Greece’s foreign minister, Nikos Dendias, travelled to Turkey for the first time since warships from both nations were caught up in a dangerous confrontation in the eastern Mediterranean Sea last year over drilling for hydrocarbons in contested waters, provoking threats of sanctions from the EU.
Turkey is a candidate for EU membership but its poor relationship with member states Greece and Cyprus and an erosion in human rights at home have stalled its bid.
In a televised joint statement, Dendias said Athens supported Turkey’s EU entry because it was in Greece’s interests to have its neighbour as an ally in the bloc — but Turkey first had to “de-escalate and avoid statements that could dynamite our relations”.
Territorial “breaches have increased recently and such infringements are an obstacle to creating an environment of trust”, he said. “If Turkey continues violating our sovereign rights, then sanctions, measures that are on the table, will be put back on the agenda.”
His assertions visibly angered Ankara’s foreign minister Mevlut Cavusoglu, who accused Dendias of going off-script from a “positive” message they had agreed upon during the closed-door talks and making “extremely unacceptable accusations” to appeal to Greek public opinion once he was in front of the cameras.
“We do not agree on these issues, and despite the consensus we reached on these issues during our meeting, if you come out here and blame Turkey, I will respond,” Cavusoglu said.
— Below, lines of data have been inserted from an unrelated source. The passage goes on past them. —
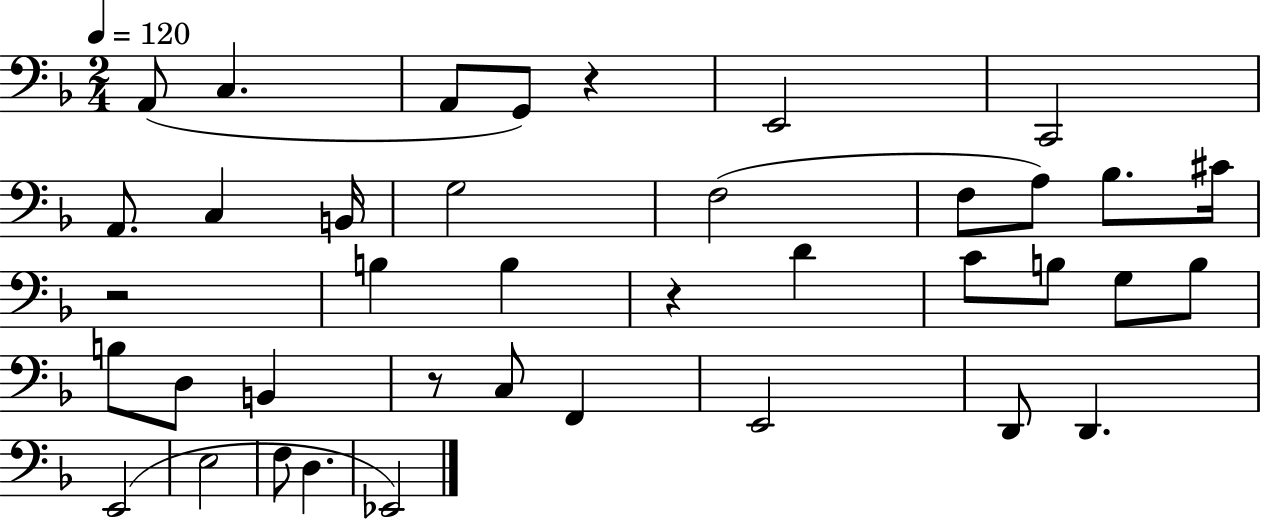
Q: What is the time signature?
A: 2/4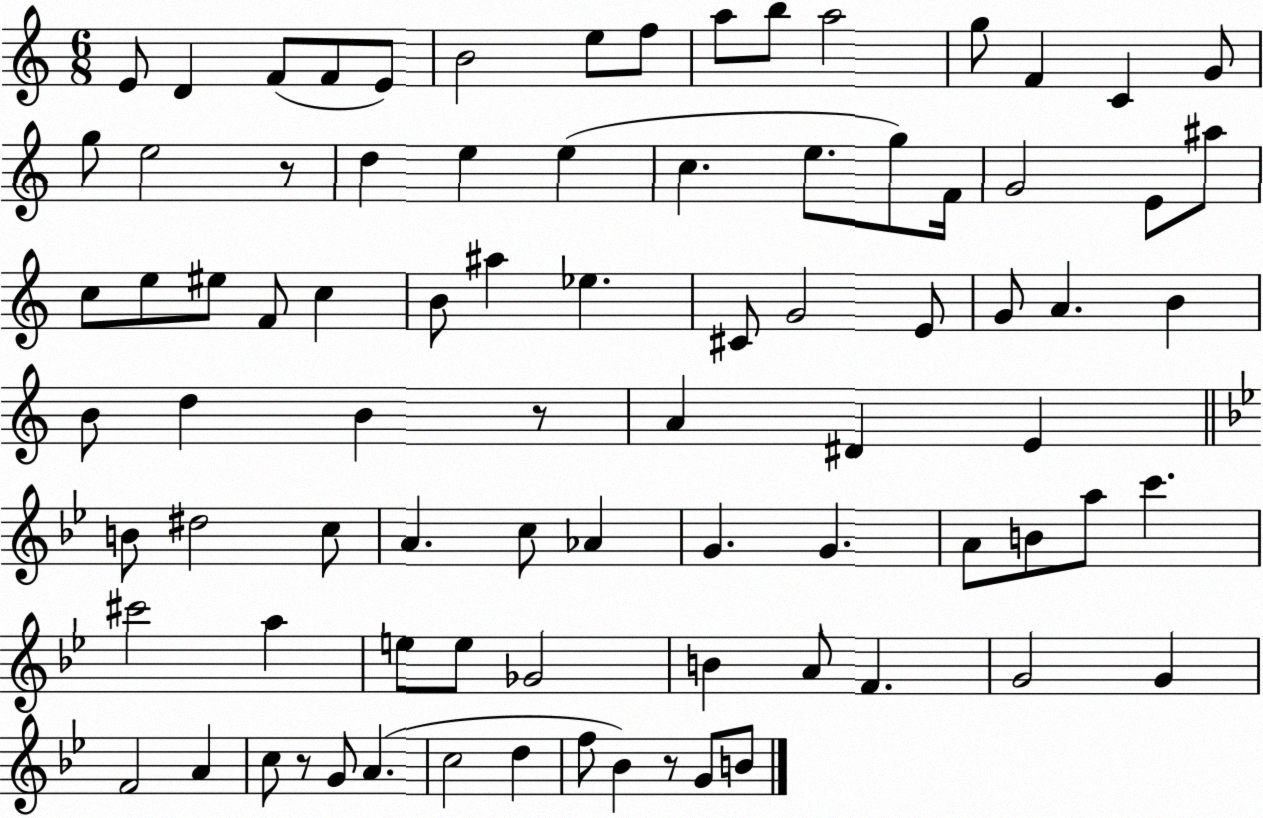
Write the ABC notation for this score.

X:1
T:Untitled
M:6/8
L:1/4
K:C
E/2 D F/2 F/2 E/2 B2 e/2 f/2 a/2 b/2 a2 g/2 F C G/2 g/2 e2 z/2 d e e c e/2 g/2 F/4 G2 E/2 ^a/2 c/2 e/2 ^e/2 F/2 c B/2 ^a _e ^C/2 G2 E/2 G/2 A B B/2 d B z/2 A ^D E B/2 ^d2 c/2 A c/2 _A G G A/2 B/2 a/2 c' ^c'2 a e/2 e/2 _G2 B A/2 F G2 G F2 A c/2 z/2 G/2 A c2 d f/2 _B z/2 G/2 B/2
Turkey was not violating Greek sovereignty but merely defending its own rights in the eastern Mediterranean and those of Turkish Cypriots, he said.
Dendias countered: “I would be surprised if you were expecting me to be here in Ankara and not express these concerns, as if nothing had happened in the Aegean or eastern Mediterranean.”
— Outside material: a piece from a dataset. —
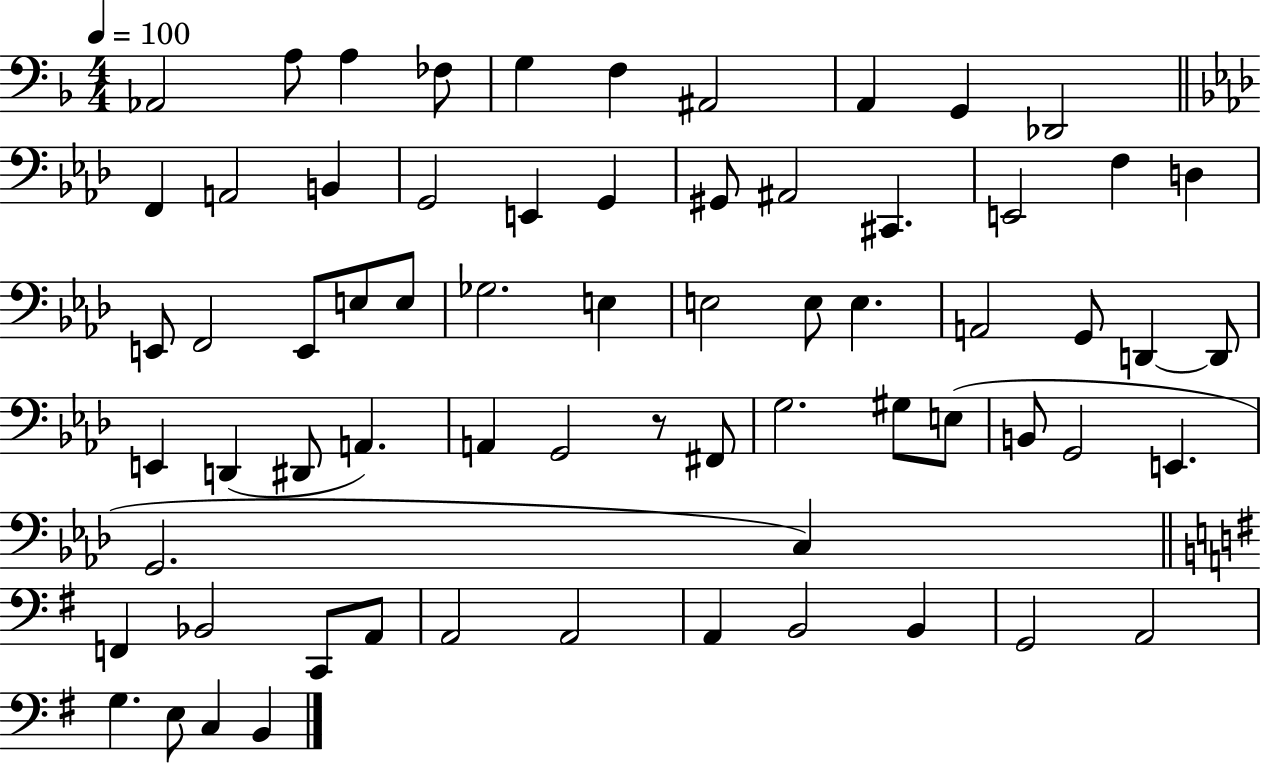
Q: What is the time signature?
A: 4/4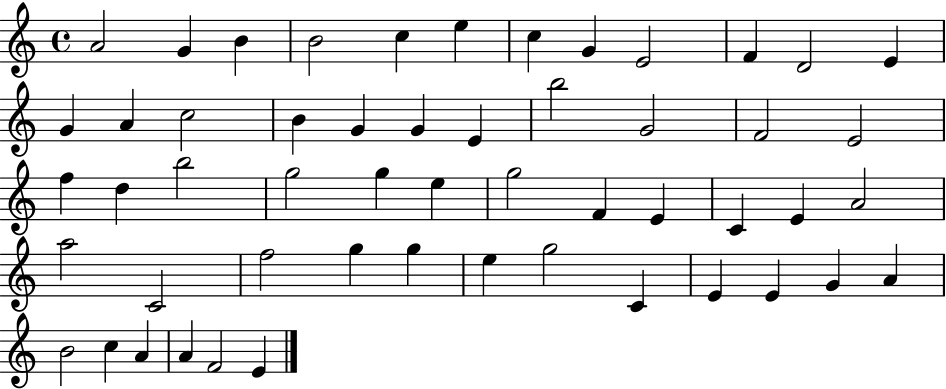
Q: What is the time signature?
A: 4/4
Turkey has said it wants to “turn a new page” with the EU but its recent diplomatic approaches have been overshadowed by embarrassing gaffes.
Last week, Ursula von der Leyen, president of the European Commission, was not given a chair next to President Recep Tayyip Erdogan during her visit to Ankara. Charles Michel, the European Council president, took the seat next to Erdogan, and the protocol breach led to charges of sexism against the two men.
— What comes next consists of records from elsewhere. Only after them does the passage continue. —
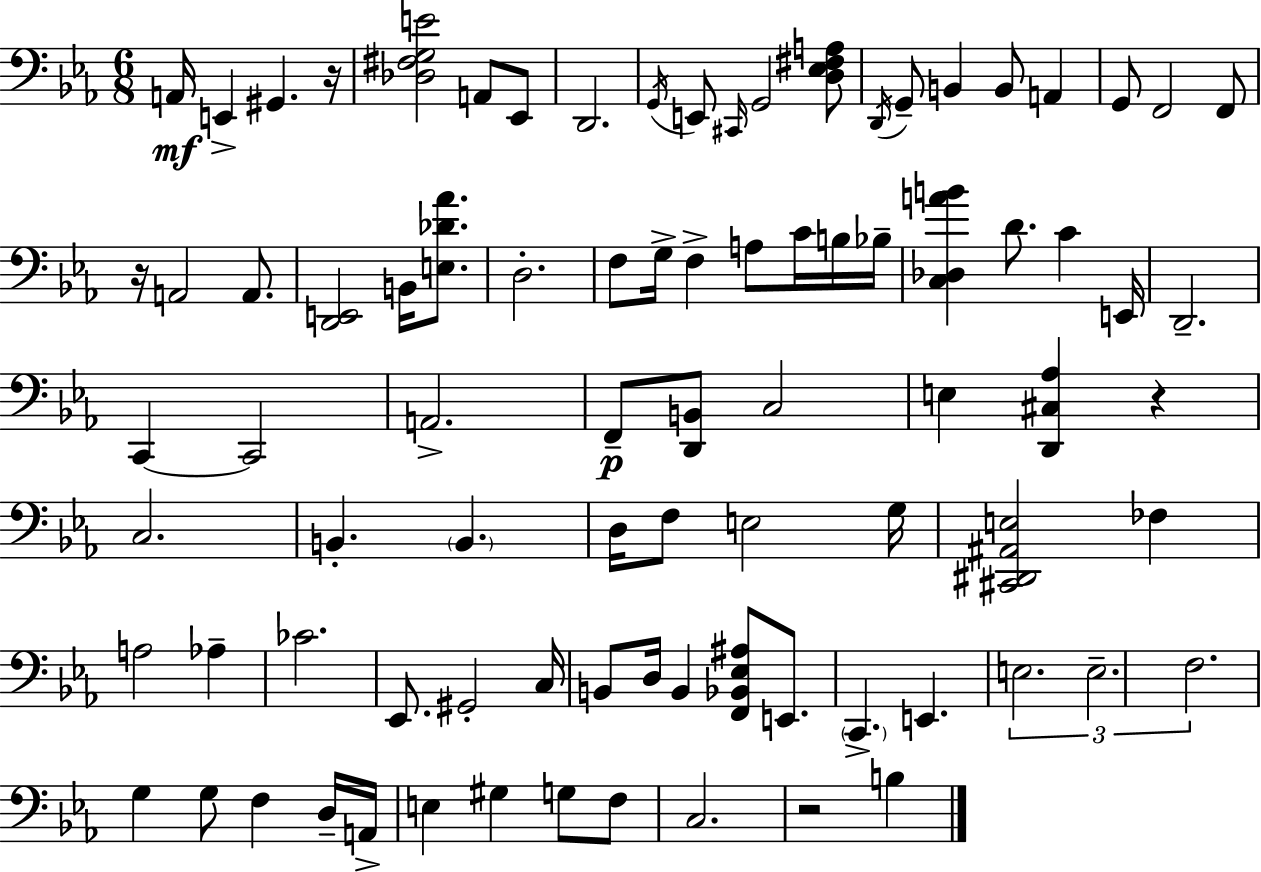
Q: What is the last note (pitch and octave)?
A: B3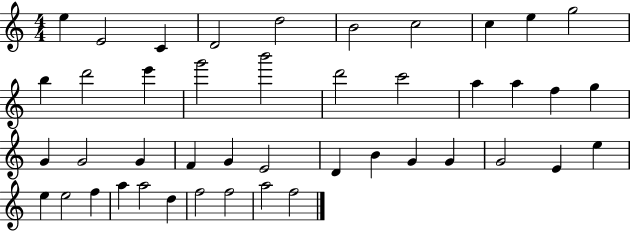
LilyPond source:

{
  \clef treble
  \numericTimeSignature
  \time 4/4
  \key c \major
  e''4 e'2 c'4 | d'2 d''2 | b'2 c''2 | c''4 e''4 g''2 | \break b''4 d'''2 e'''4 | g'''2 b'''2 | d'''2 c'''2 | a''4 a''4 f''4 g''4 | \break g'4 g'2 g'4 | f'4 g'4 e'2 | d'4 b'4 g'4 g'4 | g'2 e'4 e''4 | \break e''4 e''2 f''4 | a''4 a''2 d''4 | f''2 f''2 | a''2 f''2 | \break \bar "|."
}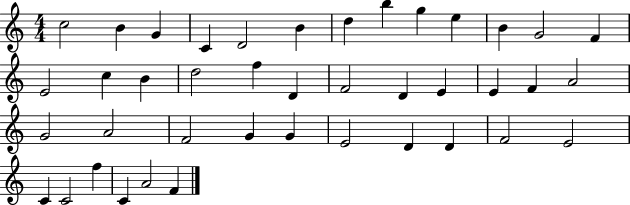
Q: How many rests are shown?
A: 0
Nato allies Greece and Turkey are at odds over maritime borders in the Aegean and Mediterranean and over Cyprus, which has been split along ethnic lines since Turkey invaded in 1974 in response to a shortlived Greek-Cypriot coup.
Cavusoglu and Dendias are due to meet again later this month when UN-brokered talks on Cyprus convene in Geneva.
Cavusoglu rejected Dendias’ suggestion that Ankara had exploited the millions of Syrian refugees in Turkey as leverage against Greece and the EU. “In four years, you have forced back 80,000 people and threw those who would not return into the sea,” he said to Dendias.
Dendias, who also met Erdogan, called on Turkey to uphold religious freedom for its dwindling population of 3,000 or so ethnic Greeks. He said Athens expected Turkey to turn two ancient Greek Orthodox landmarks back into museums. Erdogan last year converted the sixth-century Hagia Sophia and the 1,000-year-old Chora Church into mosques, defying objections from Greece, the US and Unesco.
Dendias had been in “full consultation” with Kyriakos Mitsotakis, the Greek prime minister, an official in Mitsotakis’ office said on condition of anonymity. “The foreign minister had an explicit order: if provoked, to respond accordingly,” he said.